In a lot of Paul’ videos, he talks about “engaging all the senses”. I took some of this with a pinch of salt at first, thinking it was part of Paul’s patter and USP – because you aren’t wearing ear defenders you can hear stuff etc.
I am starting to realize that there are indeed a lot of ways of sensing that are not immediately apparent to the beginner and that these augment our working.
I can give some examples of this and hope that others will share too so we may learn from each other.
Some examples I have learned and experienced (credit to Paul Sellers mostly):
1. When adjusting a plane laterally, the sound of the shaving on each side gives a good indication of the thickness of the shaving. It’s actually better than relying just on sight judging of shaving thickness.
2. When planing, the plane lets you feel and hear which areas are cutting well and which will not produce a good surface with the current technique/setup.

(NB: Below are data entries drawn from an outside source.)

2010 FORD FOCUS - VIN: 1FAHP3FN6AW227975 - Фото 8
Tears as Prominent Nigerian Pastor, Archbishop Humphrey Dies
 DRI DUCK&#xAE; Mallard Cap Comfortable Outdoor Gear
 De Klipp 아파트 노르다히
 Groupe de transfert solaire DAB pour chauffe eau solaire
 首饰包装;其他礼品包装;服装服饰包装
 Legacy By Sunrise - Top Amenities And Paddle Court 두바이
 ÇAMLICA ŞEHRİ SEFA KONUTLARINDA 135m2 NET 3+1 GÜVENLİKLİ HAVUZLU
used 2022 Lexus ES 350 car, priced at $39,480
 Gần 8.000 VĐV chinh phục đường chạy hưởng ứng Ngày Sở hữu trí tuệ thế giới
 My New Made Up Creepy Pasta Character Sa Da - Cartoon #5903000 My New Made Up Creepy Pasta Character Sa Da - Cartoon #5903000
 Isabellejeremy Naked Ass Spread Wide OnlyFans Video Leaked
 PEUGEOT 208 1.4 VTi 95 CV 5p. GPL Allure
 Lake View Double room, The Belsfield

3. When crosscutting, the pitch of the sawing sound tells you how near you are to separating the components.
4. When squaring up wood, my eyes are becoming more attuned to when something is and isn’t square.
5. This is the most crazy sounding one, but I am convinced there is something in it:
When checking for squareness with a square, I have started to be able to hear as well as see the squareness. When the stock is already registered, a square will make a different sound depending how much of the blade engages with the surface being tested.
I think, Paul Sellers means it in both ways, senses used to judge and accomplish the work in the best possible way, and also enjoy “sensing” your work.
On some occasions, it is good to know, what to look at or listen to. But generally, I think, it is important to keep all senses open and actually try to look at all the data you get. Then you can learn to filter out, what is important for what you are doing right now. Paul Sellers gives some hints, like listening to the pitch of the saw, “hearing” the thickness of the shaving etc. But there is so much more, and I think, our brain is ready to learn it, if we simply do engage our senses.
By the way, one very important sense seems to be neglected often: The common sense 😉
As grinding or honing reaches the actual cutting edge, there is a change in feel and sound that I listen for every time I sharpen. It’s a scratchy sound, more sibilant, almost like a hiss, and the feeling is more “catchy.”
There is also the sound of failure…loose hammer faces or heads, vibrations from machines, dull knives thunking over hard grain lines rather than cutting them, etc., that are good not to have tuned out.
The changing feel of a plane when it hits a knot or reversed grain
the smell of a shaved pine knot,
The touch of the edge joints when they are even
eyeballing straight and square then checking and finding it is
The sound of a chisel bottoming out in a mortise .
Just being aware of what the tool is doing as you try to form something with it.
I guess just being aware is best, which is more than paying attention.